> [Dataset content]
──────────────────────────────

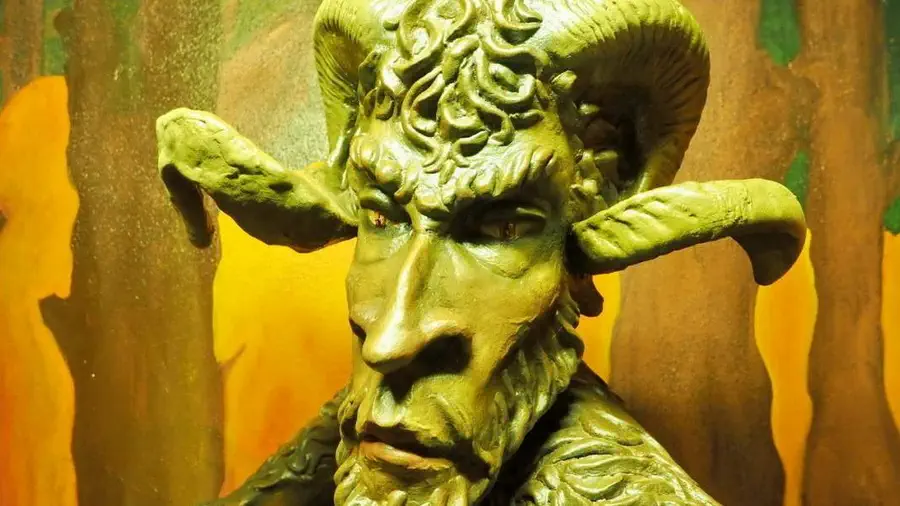 Diabeł z muzeum w Rondzie 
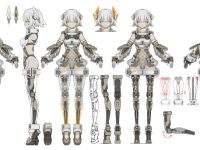 核金重构オリジナル「星陨(スターフォール)」1/9スケール美少女可動フィギュア 開発決定の画像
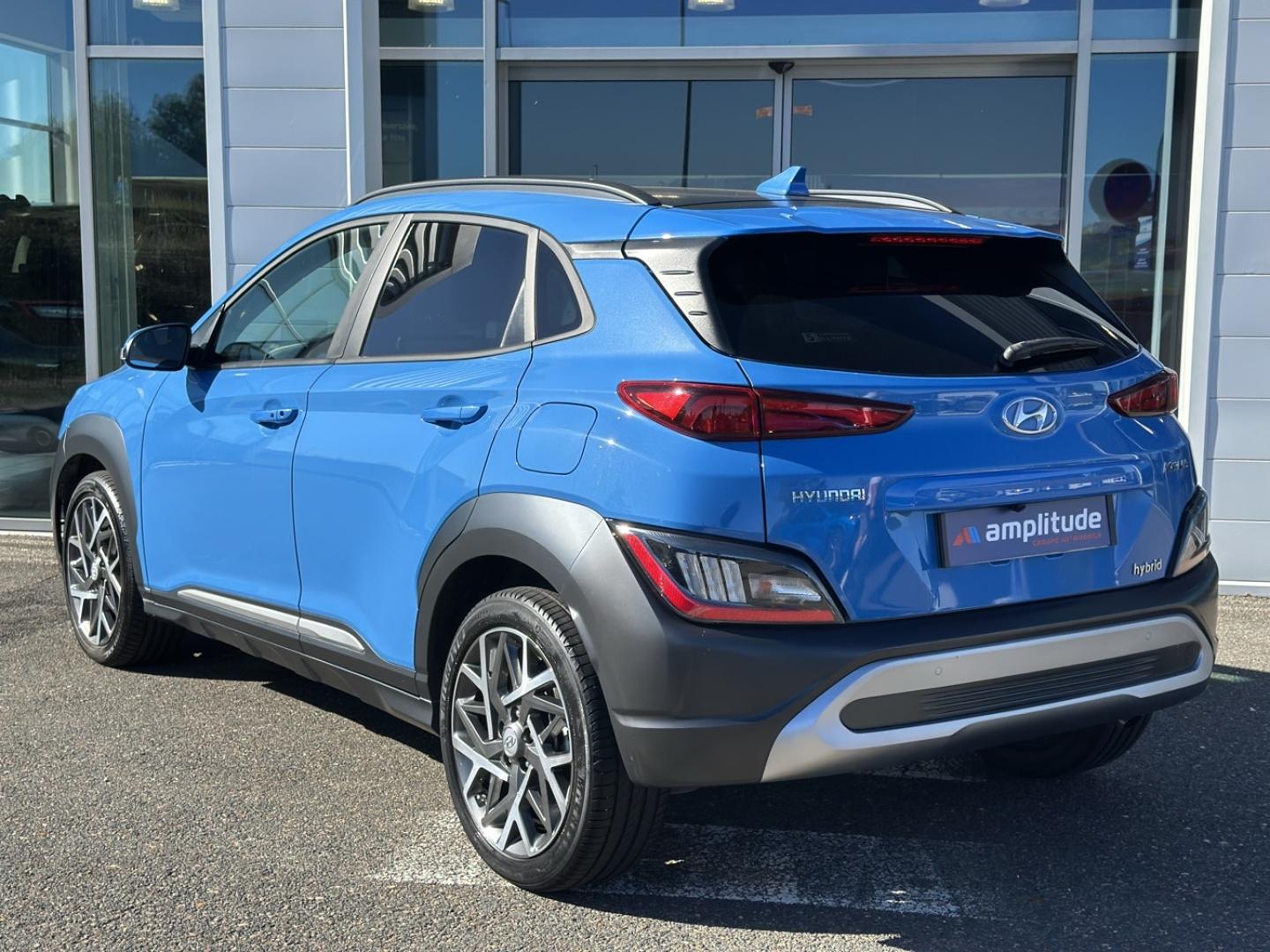 Image HYUNDAI Kona 1.6 GDi 141ch Hybrid Executive DCT-6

──────────────────────────────

> [What to work on] Please restate the data word for word, leaving out any picture it holds.

> [Exercise answer]
 Diabeł z muzeum w Rondzie 
 核金重构オリジナル「星陨(スターフォール)」1/9スケール美少女可動フィギュア 開発決定の画像
 Image HYUNDAI Kona 1.6 GDi 141ch Hybrid Executive DCT-6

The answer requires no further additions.